25 Nov 2007

A Return to Paradise (for Exberliner Magazine)

Ever since Adam and Eve bit into the apple, looked down and gasped at their naked bits, man has shied away from nudity and sought forever to cover himself in garments. Without clothes he feels somewhat embarrassed, as if exposing something that would give himself away to others. Long has this characteristic woven itself into Western society, so often crossing paths with sexuality. But somewhere along the way, man, or Finnish man at least, dug up the notion of the sauna. And while today there are many social channels promoting a fearless sort of nudity (Germany certainly isn’t short of them), none seems to do it with quite such whole-hearted abandon as the sauna. Its almost like we’ve found a return to paradise, albeit temporary.

This allusion to an idyllic place is hardly one that strikes the anxious sauna first-timer. The prospect of complete nudity, everything told, in front of strangers who may well be the opposite sex can be alarming. Most of all, the mind cannot separate the sauna from sex. A foggy blur of sweaty bums, breasts and penises spring up and stand like blockades to objective judgment. I twitched every time my girlfriend set the idea upon me. ‘But what if…’

And then I was there and all the fog cleared (the steam sauna apart). This was like a fancy dress party. Turn up in normal clothes and you feel completely ridiculous compared to the person smoking a cigarette in the hippo outfit. Here of course, it was absurd to wear any clothes. Nudity was the norm, unremarkable. Bums there were, but these were as common as a pair of jeans on the street. Sexuality was a non-issue. Besides, does the appeal of sex not find its most potent form in the promise of what is hidden rather than the full exposé itself?

Something didn’t seem right. Something that I took for granted everyday, that I did as naturally as I blink and breathe.

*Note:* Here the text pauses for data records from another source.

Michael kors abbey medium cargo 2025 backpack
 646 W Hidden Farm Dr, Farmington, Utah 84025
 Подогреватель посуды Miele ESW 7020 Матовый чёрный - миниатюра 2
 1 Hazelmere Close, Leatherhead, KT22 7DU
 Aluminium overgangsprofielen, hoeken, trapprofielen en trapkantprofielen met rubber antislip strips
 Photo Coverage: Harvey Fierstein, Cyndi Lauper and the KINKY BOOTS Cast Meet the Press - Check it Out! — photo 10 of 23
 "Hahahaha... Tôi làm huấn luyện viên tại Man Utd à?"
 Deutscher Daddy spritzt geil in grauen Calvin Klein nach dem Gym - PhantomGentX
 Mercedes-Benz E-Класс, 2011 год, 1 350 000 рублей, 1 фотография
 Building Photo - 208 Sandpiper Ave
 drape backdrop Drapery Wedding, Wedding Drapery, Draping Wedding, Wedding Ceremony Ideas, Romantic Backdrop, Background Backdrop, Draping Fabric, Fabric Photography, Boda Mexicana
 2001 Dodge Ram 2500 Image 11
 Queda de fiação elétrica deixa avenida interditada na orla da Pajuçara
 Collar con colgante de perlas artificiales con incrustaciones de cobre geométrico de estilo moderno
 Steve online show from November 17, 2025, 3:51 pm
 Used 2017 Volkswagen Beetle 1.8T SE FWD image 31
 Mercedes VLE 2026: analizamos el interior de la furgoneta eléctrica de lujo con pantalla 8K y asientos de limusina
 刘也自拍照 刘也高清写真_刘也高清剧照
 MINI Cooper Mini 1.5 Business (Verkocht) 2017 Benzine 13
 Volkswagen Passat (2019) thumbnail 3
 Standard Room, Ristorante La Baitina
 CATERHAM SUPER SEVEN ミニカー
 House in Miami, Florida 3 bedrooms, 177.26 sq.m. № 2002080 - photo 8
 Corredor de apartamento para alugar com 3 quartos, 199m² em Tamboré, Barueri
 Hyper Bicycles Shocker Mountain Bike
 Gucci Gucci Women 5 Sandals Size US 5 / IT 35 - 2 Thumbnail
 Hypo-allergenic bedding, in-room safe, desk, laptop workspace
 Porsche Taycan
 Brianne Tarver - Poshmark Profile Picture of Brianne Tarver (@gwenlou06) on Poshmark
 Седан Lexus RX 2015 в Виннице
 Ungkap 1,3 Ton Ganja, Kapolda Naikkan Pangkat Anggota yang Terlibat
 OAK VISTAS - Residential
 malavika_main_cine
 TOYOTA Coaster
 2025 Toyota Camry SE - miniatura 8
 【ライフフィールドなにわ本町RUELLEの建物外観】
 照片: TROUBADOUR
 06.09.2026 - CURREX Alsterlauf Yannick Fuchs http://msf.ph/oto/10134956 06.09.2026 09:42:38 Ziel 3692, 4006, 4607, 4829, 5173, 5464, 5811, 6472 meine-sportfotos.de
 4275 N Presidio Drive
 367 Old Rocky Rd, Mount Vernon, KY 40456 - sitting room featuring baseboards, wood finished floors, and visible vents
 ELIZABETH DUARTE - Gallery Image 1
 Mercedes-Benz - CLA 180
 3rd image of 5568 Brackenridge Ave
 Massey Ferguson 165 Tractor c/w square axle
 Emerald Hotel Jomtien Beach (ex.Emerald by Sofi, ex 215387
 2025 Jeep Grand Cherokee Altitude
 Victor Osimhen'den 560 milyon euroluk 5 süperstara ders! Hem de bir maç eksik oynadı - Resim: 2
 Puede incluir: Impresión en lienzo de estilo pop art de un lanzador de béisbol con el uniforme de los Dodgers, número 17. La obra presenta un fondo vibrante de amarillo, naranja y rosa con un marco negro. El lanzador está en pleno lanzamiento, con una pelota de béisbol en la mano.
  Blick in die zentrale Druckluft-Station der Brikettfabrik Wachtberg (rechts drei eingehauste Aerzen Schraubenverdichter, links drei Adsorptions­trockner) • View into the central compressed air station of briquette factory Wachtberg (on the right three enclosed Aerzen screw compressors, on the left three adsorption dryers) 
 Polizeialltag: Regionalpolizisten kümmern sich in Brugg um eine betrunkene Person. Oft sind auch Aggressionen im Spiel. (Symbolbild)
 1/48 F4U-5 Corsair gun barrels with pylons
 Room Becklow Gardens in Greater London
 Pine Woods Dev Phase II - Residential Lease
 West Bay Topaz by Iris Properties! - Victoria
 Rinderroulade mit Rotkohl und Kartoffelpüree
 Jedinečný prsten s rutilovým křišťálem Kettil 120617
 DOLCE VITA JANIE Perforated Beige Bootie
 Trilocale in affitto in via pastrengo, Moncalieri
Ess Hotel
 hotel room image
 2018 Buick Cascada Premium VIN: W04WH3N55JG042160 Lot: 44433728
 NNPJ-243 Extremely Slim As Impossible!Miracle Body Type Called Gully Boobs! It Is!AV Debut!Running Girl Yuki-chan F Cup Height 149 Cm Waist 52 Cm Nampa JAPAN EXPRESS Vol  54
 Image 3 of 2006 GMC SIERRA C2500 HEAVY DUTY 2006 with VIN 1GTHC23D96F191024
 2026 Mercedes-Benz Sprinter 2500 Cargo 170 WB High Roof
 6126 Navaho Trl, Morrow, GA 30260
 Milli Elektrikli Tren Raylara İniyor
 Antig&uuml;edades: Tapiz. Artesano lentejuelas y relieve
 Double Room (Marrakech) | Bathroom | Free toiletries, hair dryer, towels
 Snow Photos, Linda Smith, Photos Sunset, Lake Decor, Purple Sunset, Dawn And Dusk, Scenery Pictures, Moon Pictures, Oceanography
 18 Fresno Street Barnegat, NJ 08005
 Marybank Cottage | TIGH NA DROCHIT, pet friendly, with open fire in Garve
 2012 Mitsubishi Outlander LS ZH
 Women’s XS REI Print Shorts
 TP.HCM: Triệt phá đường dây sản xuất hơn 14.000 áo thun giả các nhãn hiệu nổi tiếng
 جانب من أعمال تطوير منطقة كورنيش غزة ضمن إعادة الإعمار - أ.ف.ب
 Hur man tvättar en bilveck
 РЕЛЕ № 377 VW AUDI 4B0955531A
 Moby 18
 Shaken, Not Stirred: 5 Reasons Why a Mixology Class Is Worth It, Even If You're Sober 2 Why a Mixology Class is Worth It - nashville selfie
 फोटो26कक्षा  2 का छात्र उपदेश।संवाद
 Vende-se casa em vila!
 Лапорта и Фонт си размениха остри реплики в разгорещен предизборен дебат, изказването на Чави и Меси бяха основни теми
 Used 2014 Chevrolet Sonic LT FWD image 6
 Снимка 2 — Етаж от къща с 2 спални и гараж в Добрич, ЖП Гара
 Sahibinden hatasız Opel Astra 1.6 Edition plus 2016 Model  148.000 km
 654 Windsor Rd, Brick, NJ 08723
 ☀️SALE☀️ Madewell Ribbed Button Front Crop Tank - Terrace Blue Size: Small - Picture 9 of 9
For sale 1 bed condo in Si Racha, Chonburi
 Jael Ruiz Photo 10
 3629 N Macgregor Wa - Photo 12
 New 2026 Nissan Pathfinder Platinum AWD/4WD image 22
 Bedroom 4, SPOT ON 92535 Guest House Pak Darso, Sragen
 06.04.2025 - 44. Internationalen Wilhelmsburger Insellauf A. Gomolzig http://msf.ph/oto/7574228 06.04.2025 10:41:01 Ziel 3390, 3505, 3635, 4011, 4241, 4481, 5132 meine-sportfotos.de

Ah yes, judgment! Categorising people that you see everyday and fitting them into the banal social pools that before long, becomes reflex. I couldn’t place the guy with long hair and a small tattoo over there on the far bench. Hair, and sometimes a tattoo, are all one has to go on. Long Hair might be a Harley-Davison character. But there was no moustache. Is he a grunge figure then?

This was the sauna guessing game. More pertinent however was the unearthly and refreshing neutrality of it all. It is said that early Finnish traditions saw the sauna as a welcome break to the great gender divide. In work and leisure, man and women had separate roles, but in the sauna everyone rolled up together. Similarly, it seems that some of our social divisions evaporate in the heat of the sauna.

Sure enough, I met Long Hair shortly before we left the place. Here in the changing rooms we underwent a metamorphosis back into society’s labels, namely clothes. And I felt mildly ashamed. Now, getting dressed and covering up all those bits I had never wanted to expose in the first place, there was shame! I was giving myself away to others. I put on a hoodie, so I was a skater-dude presumably. All around me people were doing the same. For the last three hours these people had passed me here and there in the sauna, and I knew them only in their naked guise. Now that they suddenly wore clothes it was strange. Their bums were concealed but they were altogether exposed.

Some of my fellow saunerers turned out in the clothes I had imagined for them. But Long Hair, brandishing a clean-cut suit with a pink shirt underneath, and no sign of a leather outfit, came out of the blue. And then we slid back into the ‘real’ world, where nudity was a virtual sin, where the apple had been bitten.